NousResearch/Nous-Hermes-2-Vision-Alpha · Model somehow has bad performance and is not working as shown?

IUYG

Dec 3, 2023

Thanks for the work. Is there an example script provided to reproduce the samples you added in HF? I tested the burger example using your script from https://github.com/qnguyen3/hermes-llava/blob/main/llava/eval/run_llava.py and the output I received was mostly wrong and hallucinating.
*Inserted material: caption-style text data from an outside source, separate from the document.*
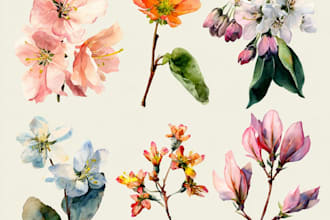 paint watercolor flowers and botanical illustrations
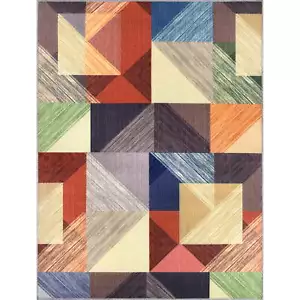 Mainstays Geometric Blocks Multi-Colored, Indoor Area Rug, 4'11" x 6'6" - Picture 1 of 6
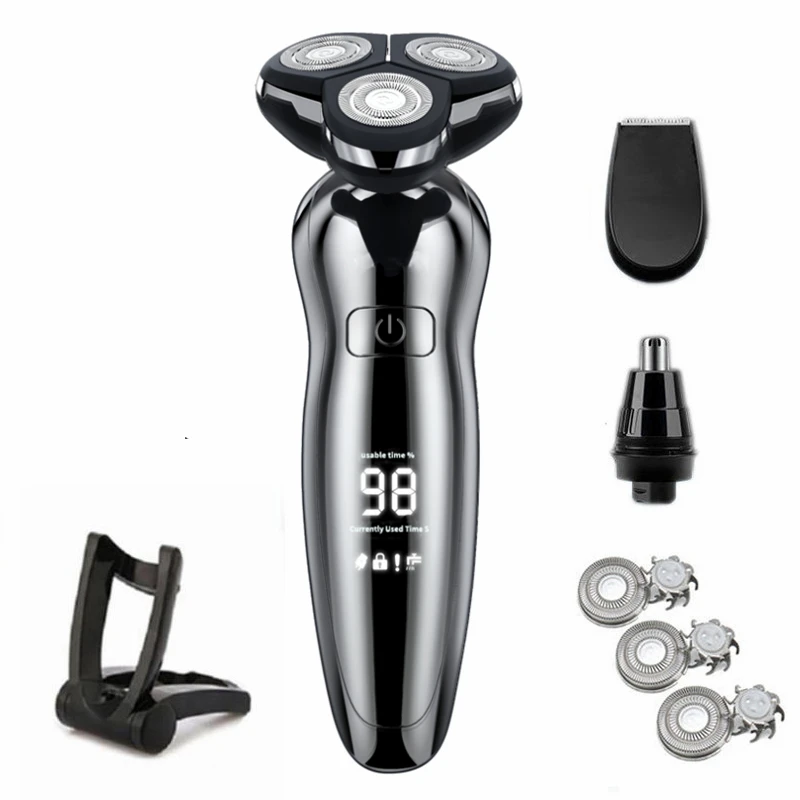 ZOZEN-Afeitadora eléctrica para hombres, máquina de afeitar para cortar el pelo corporal, cortadora de barba rotativa, 100% resistente al agua: Rosa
The output is

{
  "food_list": [
    "Double Decker Burger",
    "Cheeseburger",
    "Chicken Burger",
    "French Fries",
    "Shrimp Fries",
    "French Fries",
    "Shrimp Fries",
    "Cheeseburger Fries",
    "Chicken Fries",
    "French Fries",
    "Shrimp Fries",
    "Cheeseburger Fries",
    "Chicken Fries",
    "French Fries",
    "Shrimp Fries",

It seems that the model is hallucinating and the output is not JSON formatted correctly. I might be using the prompt wrongly as I copied that prompt in HF and added it to run_llava.py. Is this the correct way to run it? and do you have any scores compared to Llava 1.5?

Excited about the work and hoping to test this again!

euclaise

NousResearch org Dec 3, 2023

https://twitter.com/Teknium1/status/1731409499595194679

teknium changed discussion status to closed Dec 4, 2023